I haven't kept up much with the going ons of the Corps since I EAS'd. Is the commandant still pushing for a better prepared reserve force? Or is it on the back burner now that president Trump is growing active duty numbers?


----------



## leonrazurado (Mar 28, 2017)

Ocoka said:


> Increase to 25 more training days and over-recruit. Seems very sensible considering the standards that have to be maintained, the lengthy training pipeline and the wash-out percentage.


I agree. Although I'm not sure what reserve Recon culture is like. I'd be interested to know if most of the bubba's are wanting more training days.


----------



## Gunz (Mar 28, 2017)

leonrazurado said:


> I agree. Although I'm not sure what reserve Recon culture is like. I'd be interested to know if most of the bubba's are wanting more training days.

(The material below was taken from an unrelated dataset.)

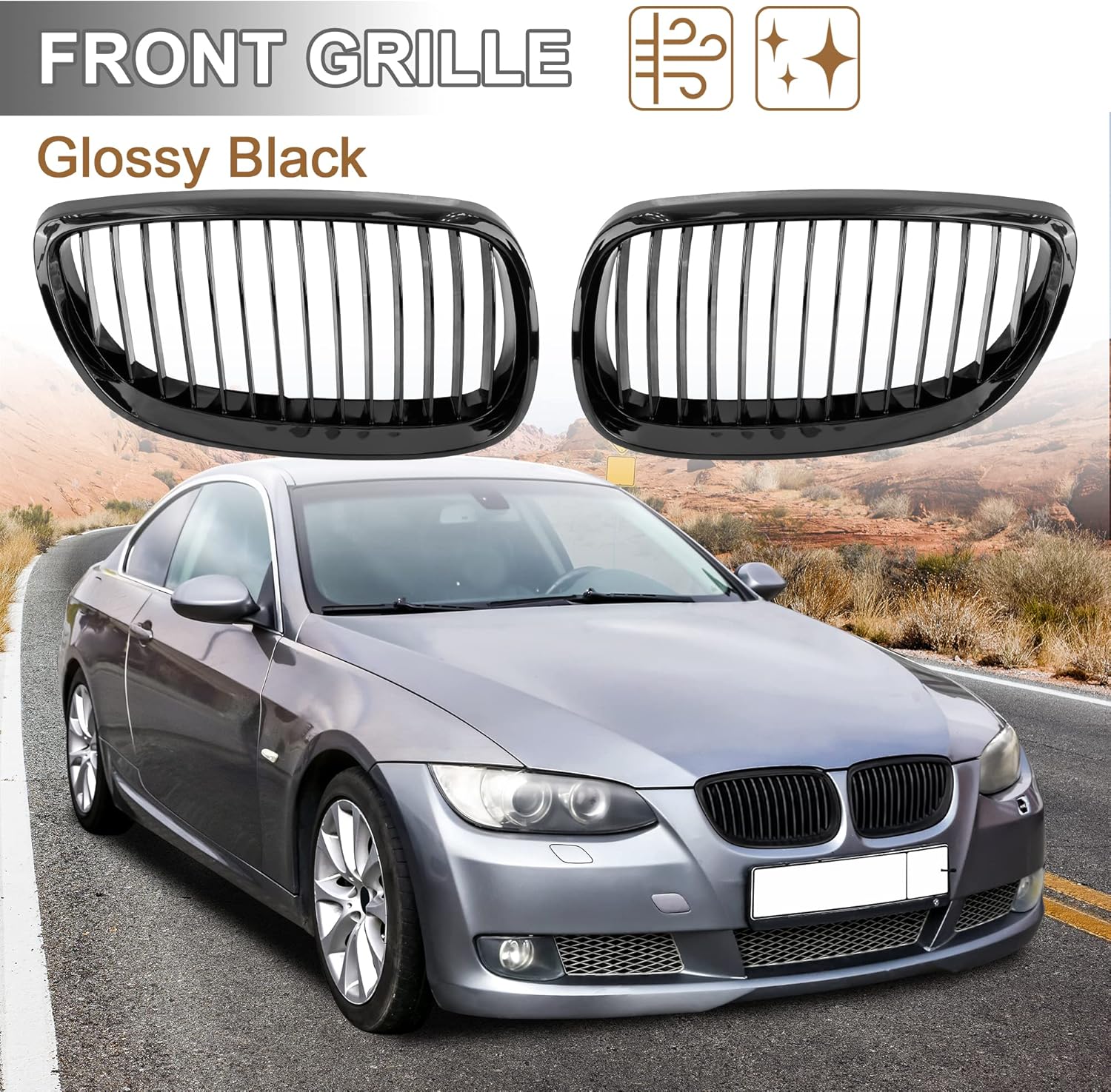 X AUTOHAUX Pair Front Kidney Grille Gloss Black for BMW E92 2007-2010 2 Door Single Line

Whether they want them or not, they apparently need them to stay mission capable. Even with an extra 25 days, I wonder if Reserve Recon could stay as proficient as the A/D guys who train continuously? I'll wait to hear  @Teufel weigh in on this.


----------



## leonrazurado (Mar 28, 2017)

Understandably. From what I interpret, Guard SF Soldiers come in more often than their drill periods, and don't always get paid to do so. Considering the extent to which they're trained, I can see how Recon Marines would need the extra time as well just to stay proficient.


----------



## Teufel (Mar 28, 2017)

This paper is not entirely accurate. The recon advocate wanted to create a new recon command structure and a training pipeline but never was able to do so. The ISR regiment died on the vine, although there is talk about recreating the SRIG at the MEFs. The Division commanders do not want to give up their recon battalions though so we will see what happens.  It's Newton's first law of institutional inertia; organizations tend to resist all attempts to change them. 

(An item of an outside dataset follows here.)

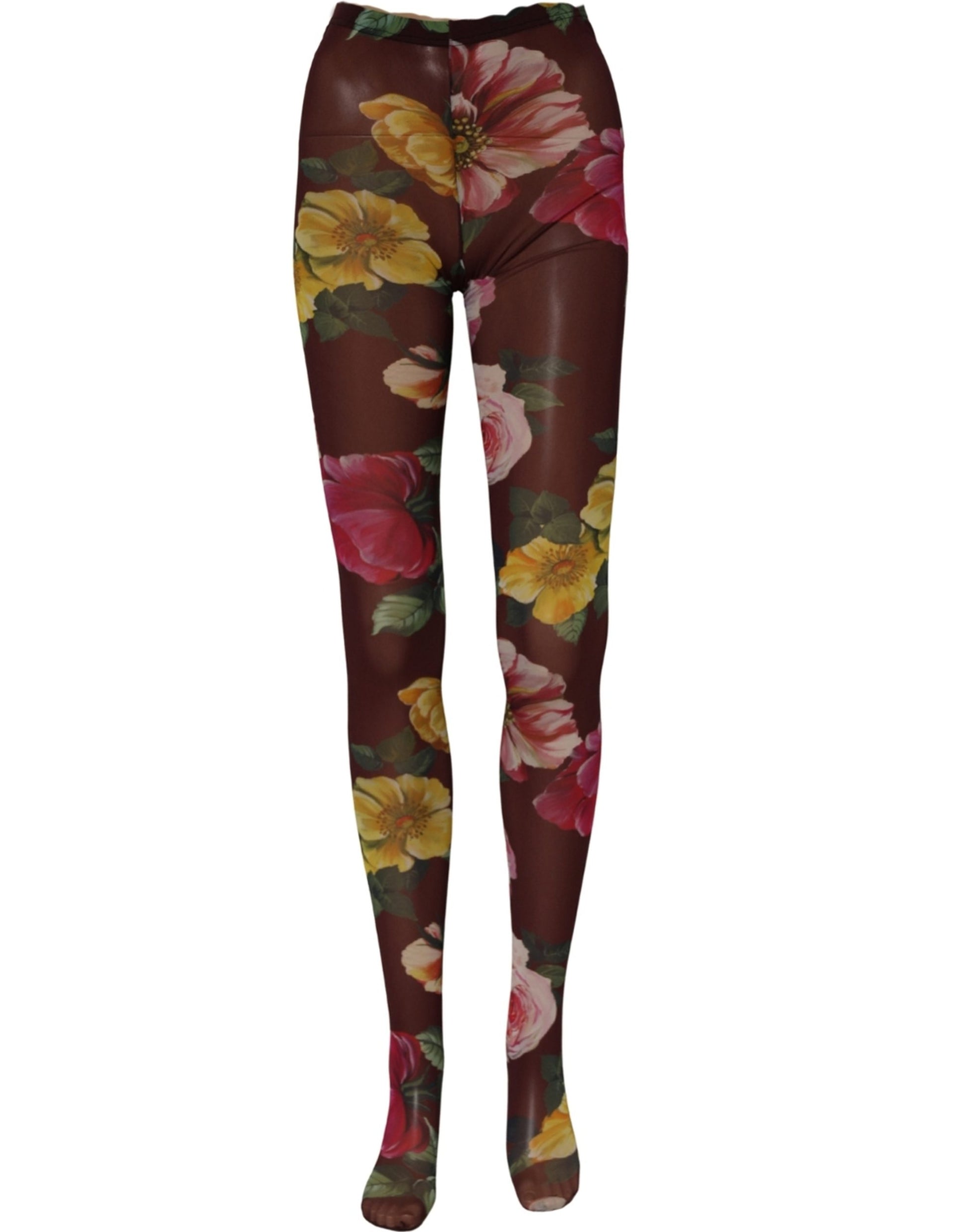 Maroon Floral Print Tights Sheer Stockings Socks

Recon Training Company will do their best to send graduates to airborne, SERE, and sometimes dive prior to sending them to Okinawa. Marines heading to 1st and 2nd Recon are sent directly to their battalions.

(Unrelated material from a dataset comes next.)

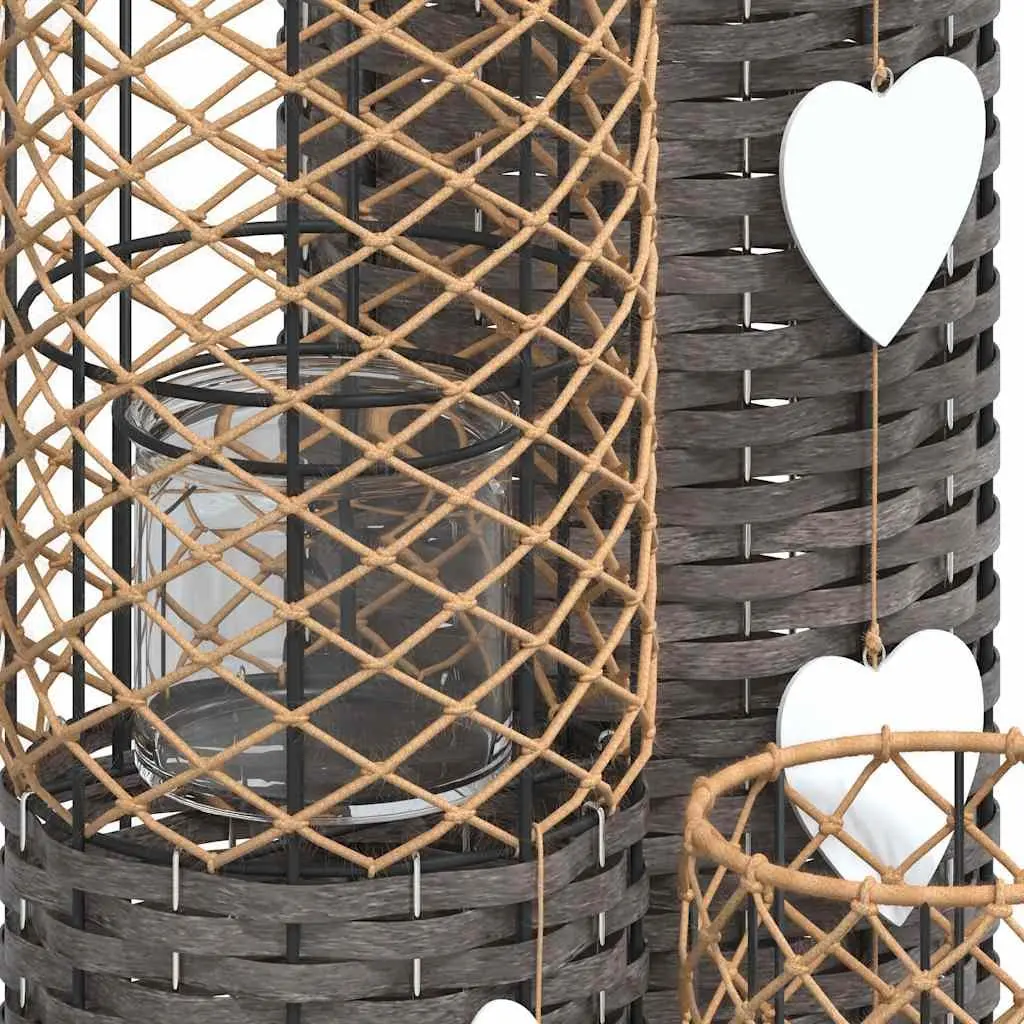 Candle Holders 3 Pcs Grey Wicker Handcrafted Indoor Outdoor Home Garden Decor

The active duty reconnaissance battalions are tasked to conduct specialized insertion (HAHO/HALO/diving/SPIE etc) amphibious and ground reconnaissance, battle space shaping (call in air and artillery delivered fires), and direct action raids in support of Marine Corps units. This is a long list of tasks and is very difficult to train to for active duty units. I think it's unrealistic to expect a reserve unit to do the same in 38 days a year (or even the proposed 68 days). More time would enable the reserves to do a jump and a dive once a quarter.  That would help sustain individual skills sure, and I think that's a good thing. It's a long way from a capability however. 

Training with the active duty battalions is a great idea. This will meet with a lot of resistance from Marine Force Reserve because of the logistical challenges. The Reserves should co-locate a reserve recon company with each active duty recon battalion to facilitate this but as I understand it there are two many reserve units in those areas and there is institutional resistance to move units around. This would greatly improve recruiting and retention though as many 0321s stay in the local area after they EAS.

I think a reserve recon advocate is a good idea but realistically the 4th Recon Battalion CO or I&I should develop a relationship with the 4th MARDIV CO or MFR General.  This is what happens in the active duty forces.  I can understand how this is personality dependent though and there is a tyranny of distance between the battalion CP in Texas and the Div/HQ CP in Louisiana. Right now the active duty Recon Advocate handles school quotas for the reserves. Honestly I think the reserves have a hard time finding guys to fill their school seats as it is.

I think that the reserves would be a lot more proficient if they followed the NSW model. As I understand it, the reserve SEAL teams are entirely comprised of reservists who came off active duty. This means you aren't teaching guys from ground zero and all your training is refresher training. I think the national guard SF groups may have a larger budget and conduct more than 38 days of training a year that the reserve recon units are limited to. They also deploy more.

Currently, in my opinion, the reserve recon units are designed to maintain a roster of individually trained reconnaissance Marines. They go to all the same schools but don't really have the time to develop any team or platoon level capabilities in any of the mission essential tasks. That being said, they do send teams and detachments on deployment. They have sent guys to Africa and are going to send detachments to Okinawa. That changes the math a little. A deployment has funding associated with it and that team will activate prior to deploying to train together. For example, I believe they activated platoons for 6-9 months prior to deploying them to Iraq during OIF. This allowed them to develop the capability to conduct patrols and raids.


----------



## leonrazurado (Mar 28, 2017)

@Teufel  thanks for the insight. One thing that comes to mind is the length of the proposed pipeline. In the scout sniper thread, you mentioned that most battalions will get one deployment out of a school trained sniper before they EAS. If recon contracts are 4 years, it wouldn't make much financial sense to invest so much will little return. 

Again, I don't know anything about either Recon or the reserves. Following the NSW way, would this create bottle necking or would billets no longer be rank specific? Last I checked Recon has low cutting scores, and I can imagine there would be plenty of senior sergeants walking around.  

Glad to have your brain to pick, I appreciate it the response.


----------



## Teufel (Mar 29, 2017)

Recon is different than snipers. Most 0321s come in off the street with a 5 year contract. The battalion gets two deployments out of them and there is a decent retention rate since the Marines can stay 0321s until they retire as a Master Guns if they choose to. 

NSW is way larger than recon. The reserve recon units are already severely undermanned. We could probably only support one reserve company if they made prior AD recon service a requirement.


----------



## leonrazurado (Apr 1, 2017)

@Teufel did you ever deploy with reserve Recondos attached to you


----------



## Teufel (Apr 1, 2017)

leonrazurado said:


> @Teufel did you ever deploy with reserve Recondos attached to you


No. I know they deployed with 1st Recon and 1st Force during the invasion and supplement all the company and battalion deployments forward.


----------